DATA FOR THE TASK:
◇ ◇ ◇
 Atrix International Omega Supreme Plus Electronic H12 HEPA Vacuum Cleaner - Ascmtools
◇ ◇ ◇
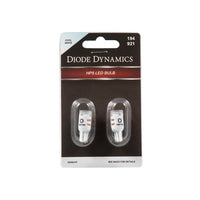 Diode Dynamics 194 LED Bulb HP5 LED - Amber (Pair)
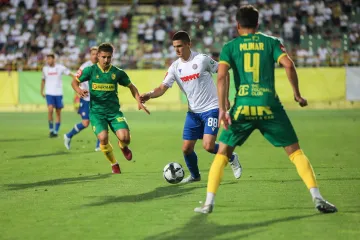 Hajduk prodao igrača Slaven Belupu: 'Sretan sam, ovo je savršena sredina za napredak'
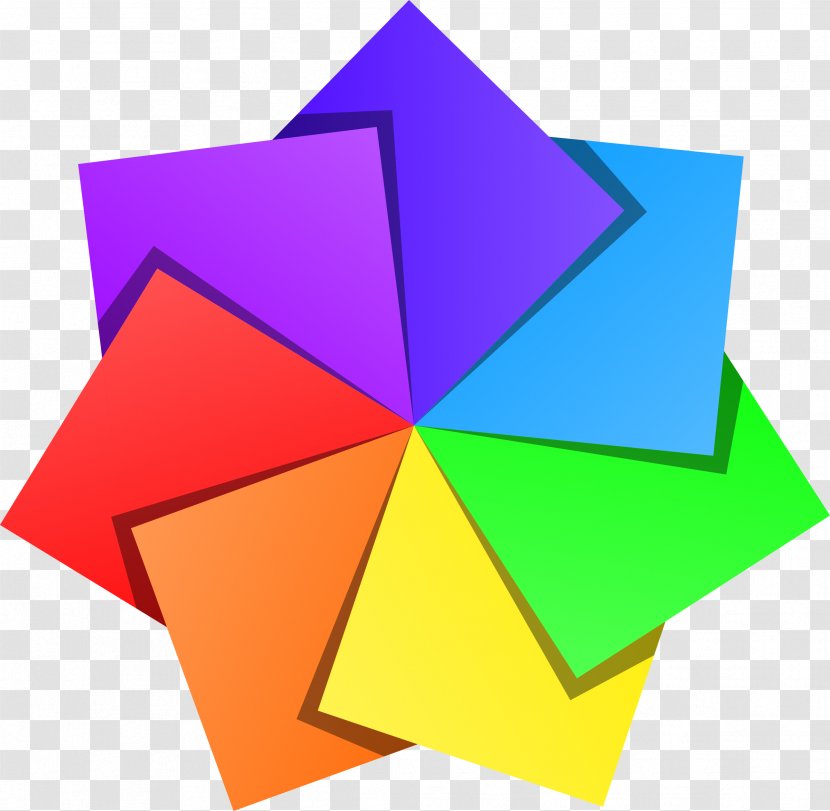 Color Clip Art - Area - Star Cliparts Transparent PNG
◇ ◇ ◇
WHAT TO WORK ON: Set down, exactly as written above, each line from the one with "Diode Dynamics 194" through the one with "Color Clip Art", and skip the pictures.

SOLVED EXERCISE:
 Diode Dynamics 194 LED Bulb HP5 LED - Amber (Pair)
 Hajduk prodao igrača Slaven Belupu: 'Sretan sam, ovo je savršena sredina za napredak'
 Color Clip Art - Area - Star Cliparts Transparent PNG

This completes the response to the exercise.